Les syndicats d'enseignants défilaient dans toute la France lundi. Une première manifestation intersyndicale depuis 2011 contre les suppressions de poste annoncées pour 2019. Sur franceinfo, la députée LREM Catherine Osson plaide pour une réorganisation nécéssaire.

Plusieurs milliers d\'enseignants (ici à Paris) ont manifesté contre les suppressions de poste dans l\'Éducation nationale.
Plusieurs milliers d'enseignants (ici à Paris) ont manifesté contre les suppressions de poste dans l'Éducation nationale. (SONIA BOURHAN / RADIO FRANCE)

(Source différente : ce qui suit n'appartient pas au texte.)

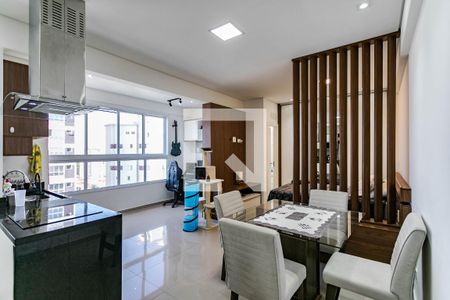 Sala de apartamento para alugar com 1 quarto, 43m² em Loteamento Mogilar, Mogi das Cruzes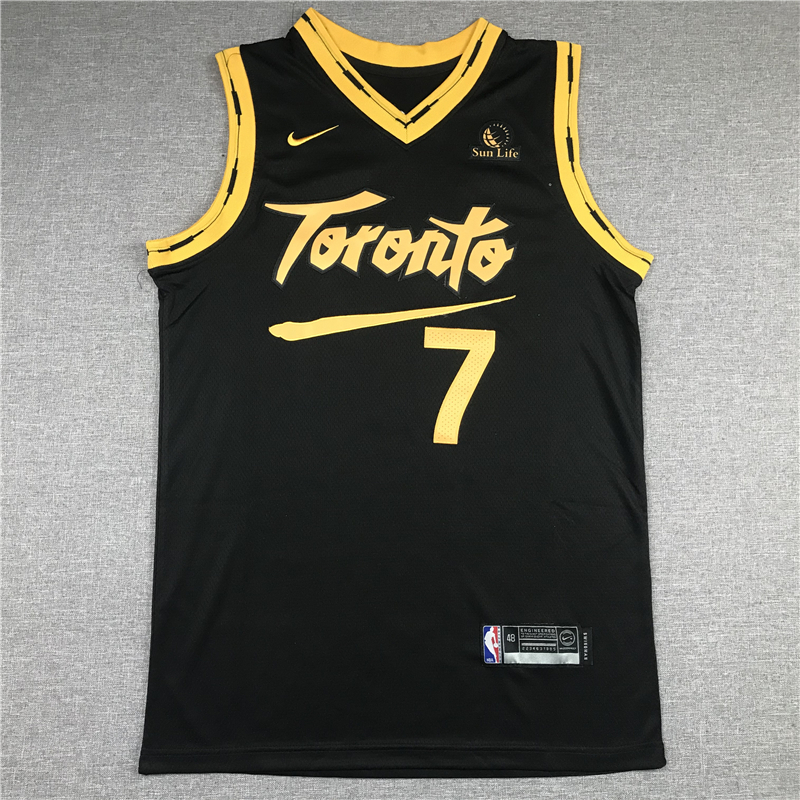 Men's Toronto Raptors Kyle Lowry #7 Black Replica Player Jersey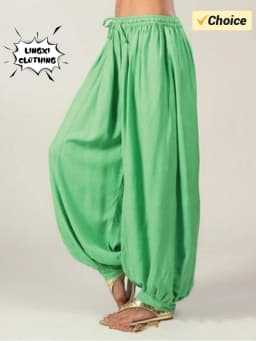 2024 Summer New Women's Solid Color Lantern Pants Loose Pleated Drawstring Casual Ankle Sports Pants Harlan Pants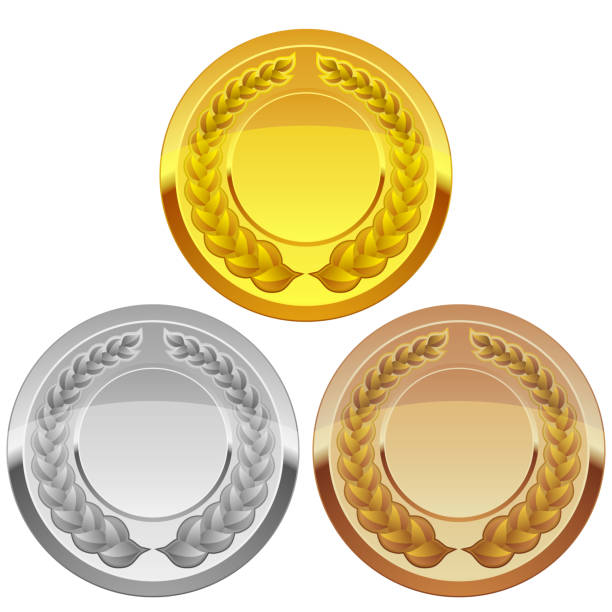 istock Set of Sports Medal 463590575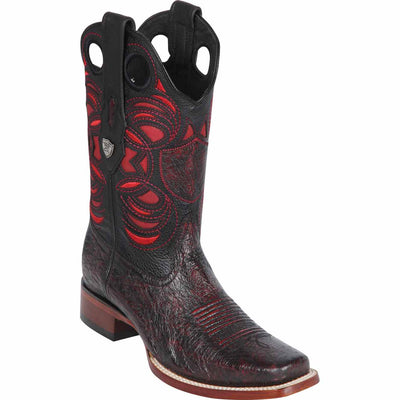 Men's Wild West Smooth Ostrich Skin Rodeo Toe Boots 281897 4 28189705-060  - from alligatorwarehouse.com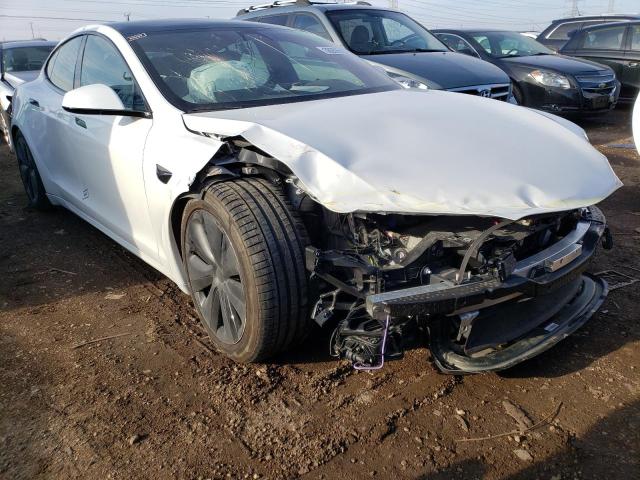 5YJSA1E52MF441314 - 2021 TESLA MODEL S Սպիտակ լուսանկար 4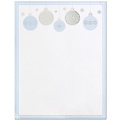 Blue &amp; Silver Bulbs Foil Letterhead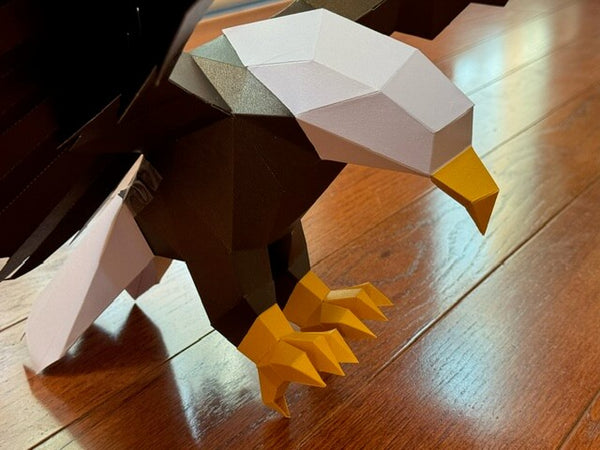Papercraft World Eagle Wall Art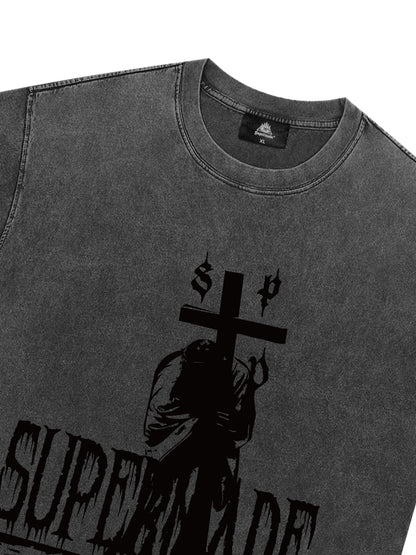 Original Bold Cross Graphic T-Shirt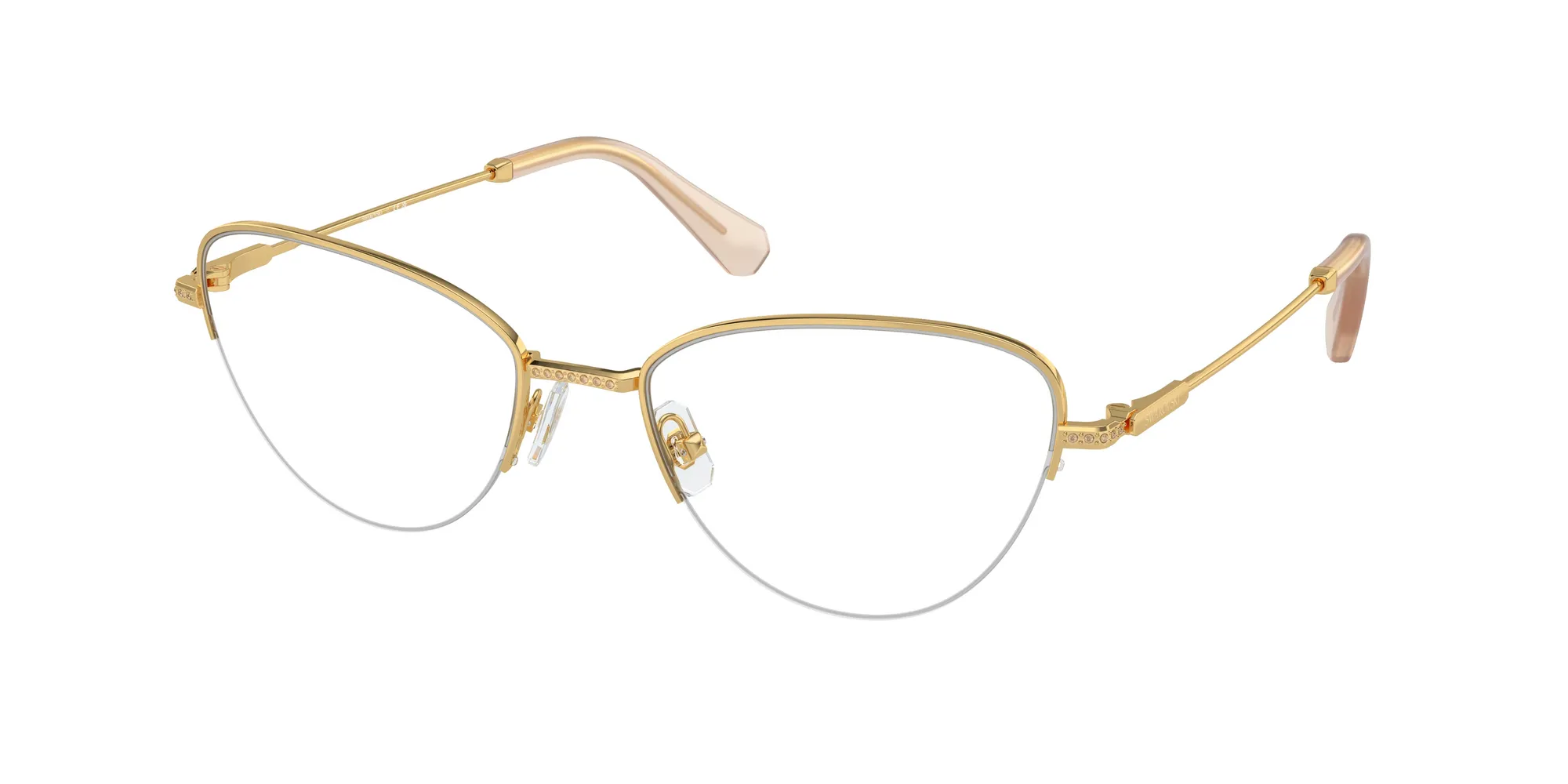 Swarovski SK1010 4004 Montature da vista Metallo Oro Trasparente Cat Eye Normale - immagine 1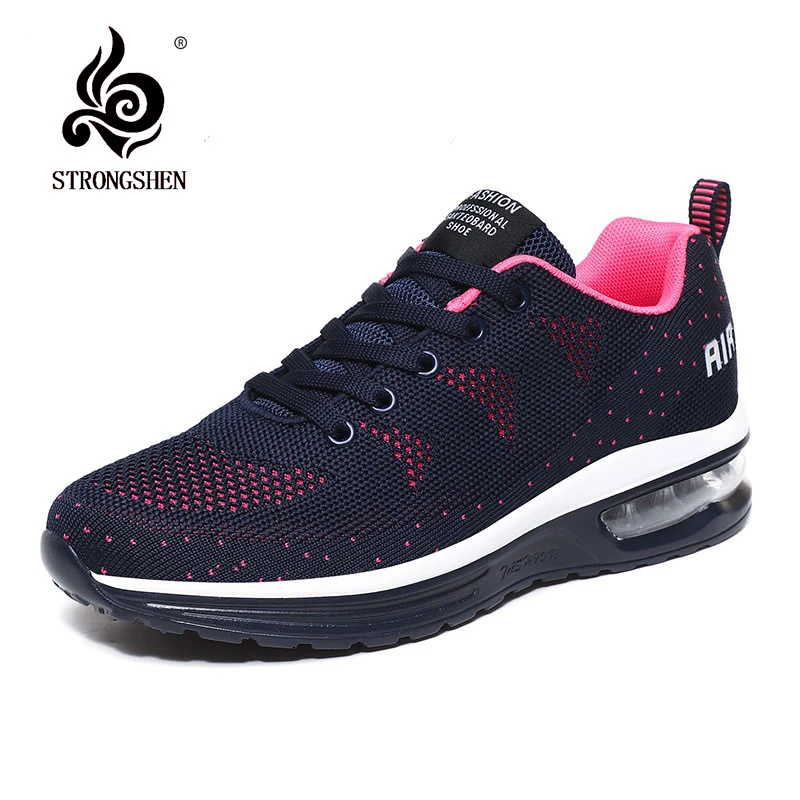 STRONGSHEN Women Shoes Breathe Lady Flat Summer Sneakers Light Breathable Shoes Female Mesh Sneaker Woman Flat women shoes women sneakers women flats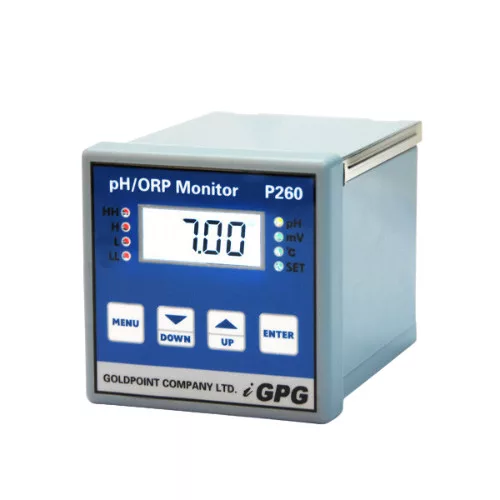 PH260 pH monitor a regulátor s elektrodou PH202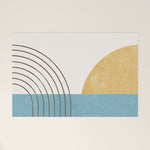 Sunny Ocean Horizon Welcome Mat Gallery Image 1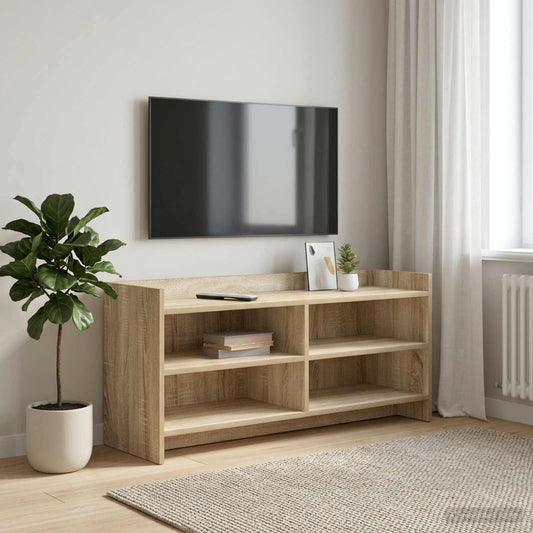 Televizní Skříň 100 X 33 X 47 Cm Dub Sonoma Kompozitní Dřevo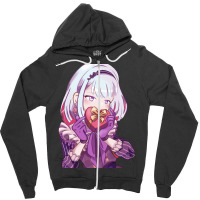 Love U Valentine Anime Travel Zipper Hoodie | Artistshot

Les enseignants ont manifesté lundi 12 novembre, notamment contre les suppressions de postes prévus l'an prochain dans les collèges et lycées publics. La députée de La République en marche Catherine Osson, encore enseignante du premier degré il y a 18 mois, a assuré sur franceinfo entendre les inquiétudes. Mais elle insiste sur la nécessité d'un "rééquilibrage".

Pourquoi avez-vous décidé de sacrifier le second degré au profit du premier degré ?

Ce n'est pas un sacrifice, c'est un rééquilibrage. Il y a un choix que la majorité, le gouvernement, assument pleinement qui est de mettre le paquet sur le premier degré. On sait très bien, et toutes les études scientifiques le montre, que tout se joue dès le plus jeune âge. C'est un choix assumé.

Que répondez-vous aux syndicats qui ne comprennent pas pourquoi il y a moins de professeurs ?

Nous sommes très vigilants sur les effectifs. Il y a un effort qui a été demandé à tous les ministères, et le mieux préservé c'est celui de l'Education nationale, qui n'est sollicité qu'à hauteur de 0,2% du personnel. Nous sommes dans une situation de transition : nous mettons le paquet sur le premier degré, sur l'école de l'inclusion. Il n'y a jamais eu autant de personnes dans les écoles pour accompagner les plus fragiles. Dans cette transition, on demande un petit effort au second degré.

Les syndicats enseignants craignent que ce "petit effort" devienne un grand effort, à la veille du vote du prochain budget de l'Education nationale...

Nous revotons les budgets tous les ans. Les inquiétudes, je les entends, mais nous aurons d'autres budgets. Entre deux, nous aurons ce projet de loi dans lequel nous invitons tous les partenaires à débattre à nos côtés pour savoir quelle école nous voulons demain. Ce ne sont pas des décisions qui sont prises sur un coin de table au ministère, elles sont prises au sein de commissions qui se sont concertées avec les partenaires sociaux.